TMFormer: Token Merging Transformer for Brain Tumor Segmentation with Missing Modalities

Zheyu Zhang, Gang Yang, Yueyi Zhang, Huanjing Yue, Aiping Liu, Yunwei Ou, Jian Gong, Xiaoyan Sun

Published: 2024, Last Modified: 09 Apr 2025AAAI 2024EveryoneRevisionsBibTeXCC BY-SA 4.0

Abstract: Numerous techniques excel in brain tumor segmentation using multi-modal magnetic resonance imaging (MRI) sequences, delivering exceptional results. However, the prevalent absence of modalities in clinical scenarios hampers performance. Current approaches frequently resort to zero maps as substitutes for missing modalities, inadvertently introducing feature bias and redundant computations. To address these issues, we present the Token Merging transFormer (TMFormer) for robust brain tumor segmentation with missing modalities. TMFormer tackles these challenges by extracting and merging accessible modalities into more compact token sequences.
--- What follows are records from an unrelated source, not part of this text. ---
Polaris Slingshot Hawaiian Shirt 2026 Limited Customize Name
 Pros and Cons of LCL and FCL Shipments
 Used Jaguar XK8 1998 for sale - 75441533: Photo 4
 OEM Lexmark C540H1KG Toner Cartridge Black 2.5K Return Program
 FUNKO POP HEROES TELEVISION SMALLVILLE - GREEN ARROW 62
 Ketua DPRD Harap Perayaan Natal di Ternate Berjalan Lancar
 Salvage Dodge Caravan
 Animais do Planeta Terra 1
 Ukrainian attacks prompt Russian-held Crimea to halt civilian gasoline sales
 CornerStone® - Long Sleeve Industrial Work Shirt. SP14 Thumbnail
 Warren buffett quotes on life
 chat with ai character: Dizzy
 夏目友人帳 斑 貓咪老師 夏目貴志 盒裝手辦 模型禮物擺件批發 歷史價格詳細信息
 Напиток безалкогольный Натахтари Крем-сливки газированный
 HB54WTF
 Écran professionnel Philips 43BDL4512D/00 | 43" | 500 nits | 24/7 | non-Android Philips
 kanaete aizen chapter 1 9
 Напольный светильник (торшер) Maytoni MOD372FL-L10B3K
The architecture comprises two core components: the Uni-modal Token Merging Block (UMB) and the Multi-modal Token Merging Block (MMB). The UMB enhances individual modality representation by adaptively consolidating spatially redundant tokens within and outside tumor-related regions, thereby refining token sequences for augmented representational capacity. Meanwhile, the MMB mitigates multi-modal feature fusion bias, exclusively leveraging tokens from present modalities and merging them into a unified multi-modal representation to accommodate varying modality combinations. Extensive experimental results on the BraTS 2018 and 2020 datasets demonstrate the superiority and efficacy of TMFormer compared to state-of-the-art methods when dealing with missing modalities.